8th of 7, Feb 07 2003
  

       //I wonder how much of a rakeoff the airline gets from Airphones //   

       I reckon they could skim quite a bit at a reasonable price below a buck a message. It's the volume that makes the economics work - a bit like analog cellphones when they first came out.   

       At first it was just traders and pimps that could afford them, but when prices finally fell to the levels where high-school kids could carry them, the whole thing took off.   

       //In a light aircraft (Something like a Cessna 152 with a high wing)//   

       I have an PPL and GA experience.

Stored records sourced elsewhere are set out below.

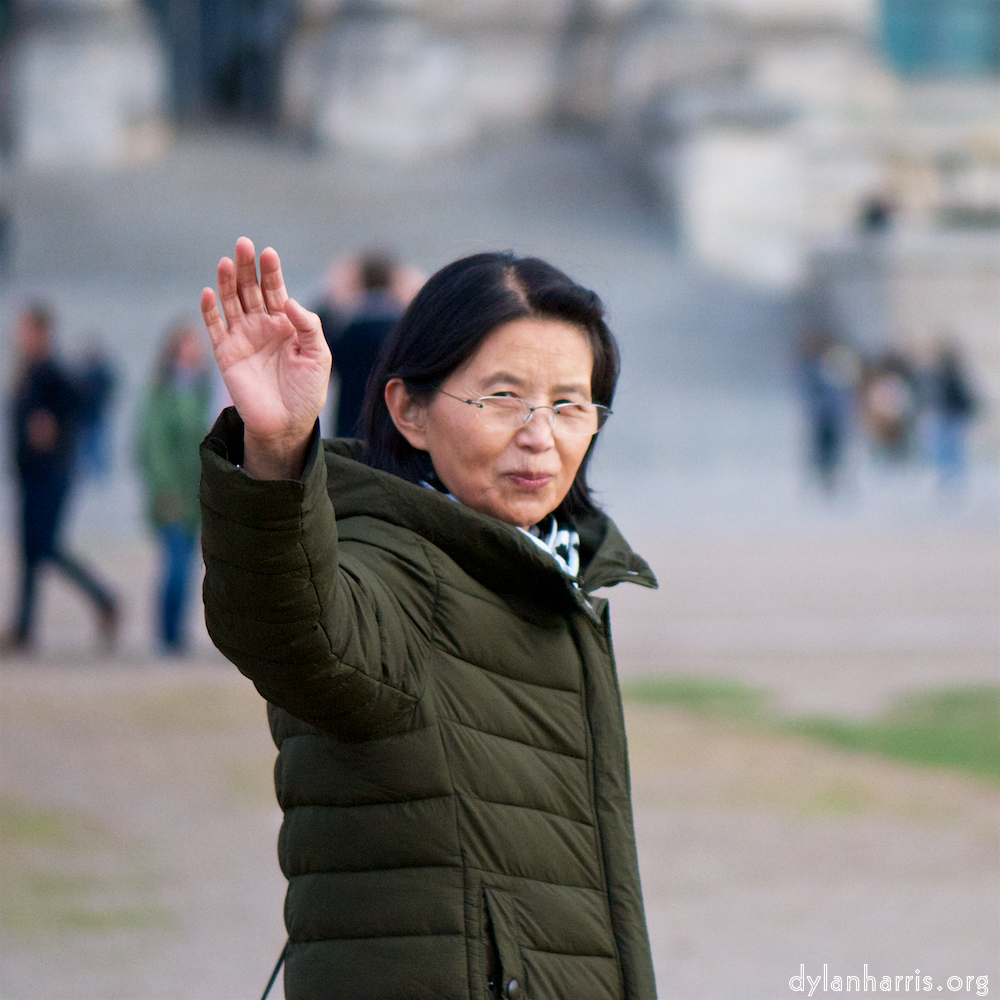 Image: Image 'L (xiv) 4'.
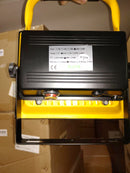 Aiko 30W LED Rechargeable Flood Light | Model : LED-GYRLF30A2 Led Rechargeable Lamp Aiko 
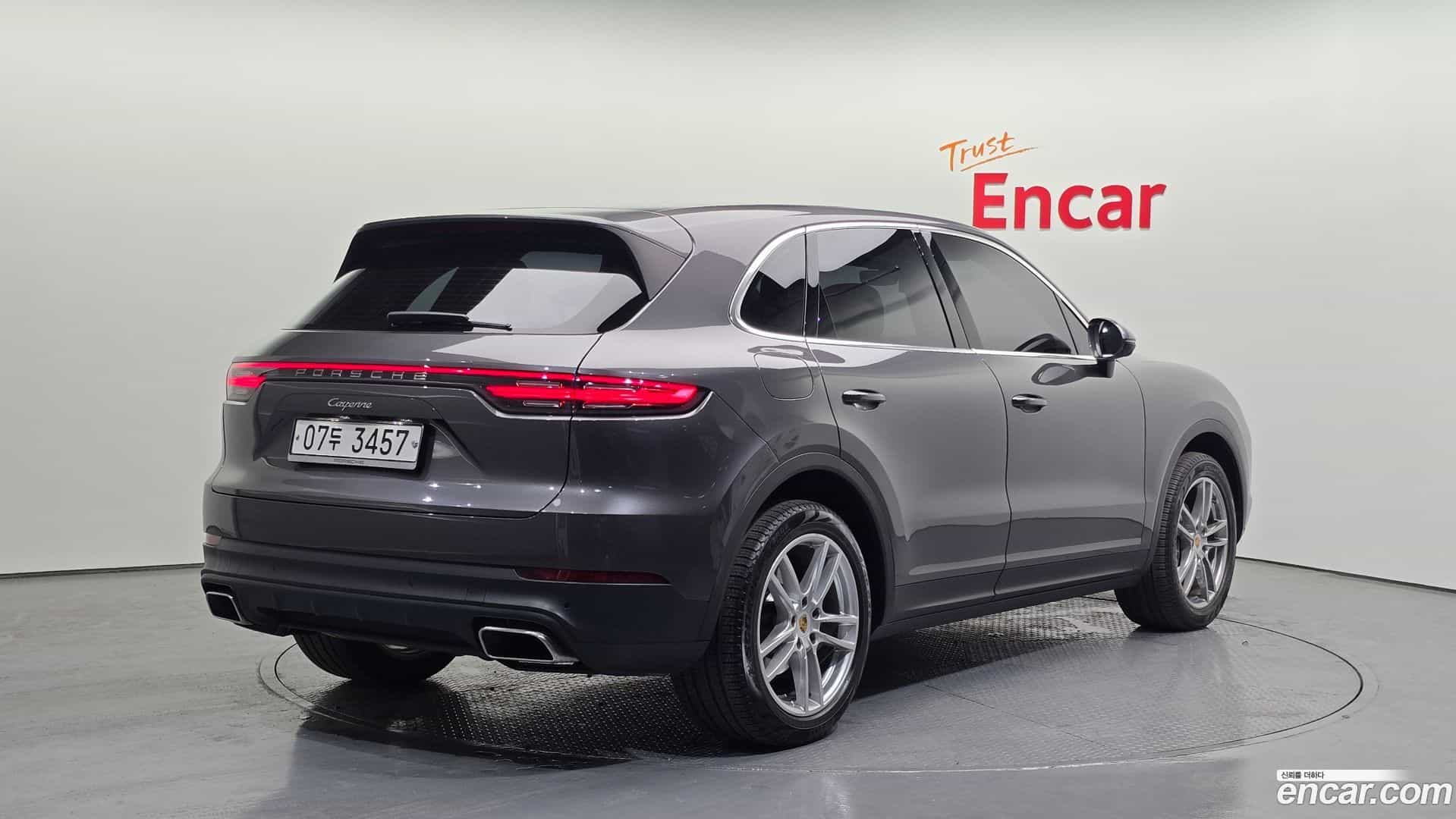 Cayenne Porsche 2019.1-OUTER-002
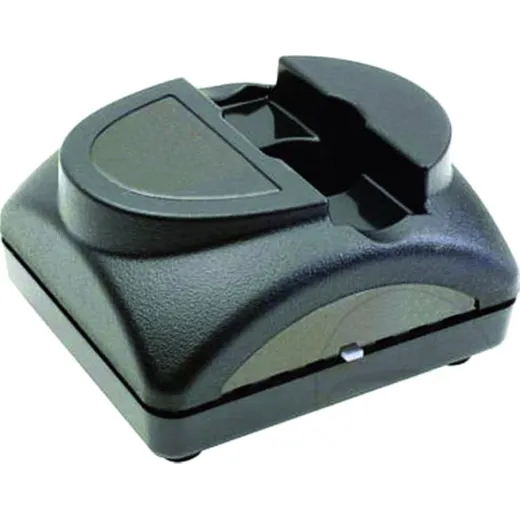 Charger 16556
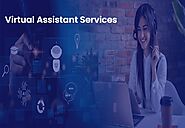 evertechbpo-Virtual Assistant Services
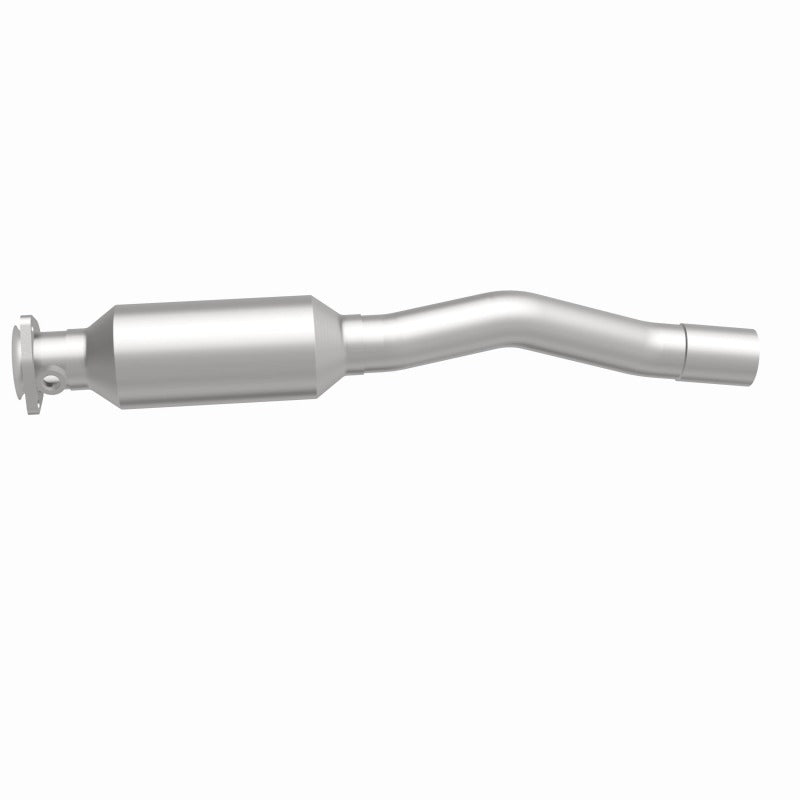 MagnaFlow 84-95 Volvo 2.3/2.8 CA Direct Fit Converter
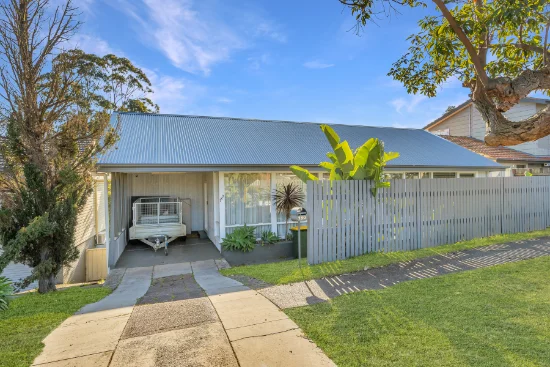 180 Northcott Drive, Adamstown Heights, NSW 2289
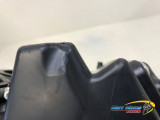 BOITIER DE FILTRE A AIR YAMAHA 530 TMAX DX 2017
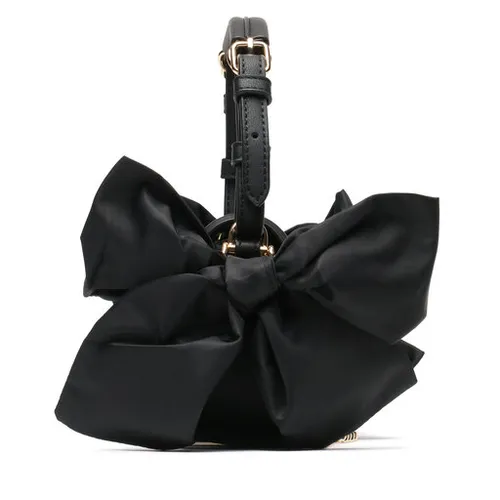 Dragoste MOSCHINO Jc4196pp0hke100a Nero sac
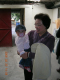 DSCN9806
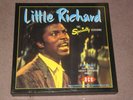 Little Richard - The Speciality Sessions 8 LP Box Set with Booklet 1989 N/Mint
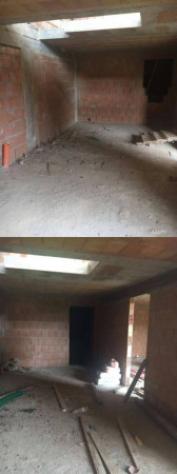 Immobile in asta di 1420 m² in vendita a Pisoniano - Foto 8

While we pilots are terrified of the FAA/CAA and would never dare test the theory, I can tell you that cellphone coverage sucks at most _airports_ I land at, let alone at 15,000ft (BTW, that's a wee bit high for me - service ceiling on a Cessna 172N is 14,200ft and you'd be "torkingk lak diff" with oxygen canula up the nose).   

       Of course, if the engine's spluttering and the radios are out, I'd go ahead and try anything to call in a mayday:   

       "This is the FAA, all our lines are busy, please leave a message" <beep>   

       "MAYDAY MAYDAY MAYDAY, Skyhawk November seven two niner zulu romeo with engine out, 45 miles east nor east of Oahu, at seven thousand feet, planning to..."   

       <beeeep> "I'm sorry, your message exceeds the time limit. Press 1 to replay your message, Press 2 to re-record, press..."
FloridaManatee, Feb 09 2003
  

       I entirely agree about the 172's "rated" ceiling, however the one we had that day had just had a new engine, the tanks weren't that full, and the air was cold and dense; we had set QFE carefully too, and we're fairly sure that we did top out at just over 15,000. It was, however, struggling - the mixture was leaned way out and the controls felt quite strange..... We were less bothered by the altitude than we thought we would be, but there was some vicious ear-popping as we skimmed back down to 5000 feet.   

       Sometimes you just have to go for it ....
8th of 7, Feb 10 2003
  

       //Sometimes you just have to go for it ....//   

       I really hate altitude.   

       Hate is a very strong word. My views are based on experiences of long cross countries over the mountains mixed with jet-lag, and a night VFR landing. Trouble is you feel great when you take off at sea level, blood saturated with O2, wide awake (dinner time at home). Landing deverves to be written up in an "I learned about flying from that" article. Then you take off next day from a mountain strip in the desert at high noon, near gross on fuel, low on O2, sweaty hand slipping off the yoke, and praying for a thermal before the ridge.   

       The last thing I'd want is a phone call or an SMS at that point.   

       However, 35,000 feet over tajikistan in super-economy after 6 with no cable TV and it's a different story.
FloridaManatee, Feb 10 2003
  

       //Grab this one on the way to the airport //   

       I was wishing for a 50 cent email (SMS), not a $1,500 satellite phone. Glad to see the economy is still booming where ever you are!
FloridaManatee, Feb 10 2003
  

       Just found your Airphone SMS idea while looking for evidence to break a patent application!   

       Unfortunately, this idea was patented in 1998 by BT which is preventing my company from being able to implement it despite lots of interest from service providers and phone operators.   

       I don't suppose you published this idea anywhere pre-1998 did you?!
garethhartwell, Apr 11 2003
  

       Afraid not, Feb 6th it popped into my head.   

       There's often a way to skirt around patents. Otherwise the Wright Brothers' wing-warping patent would have been a real bummer.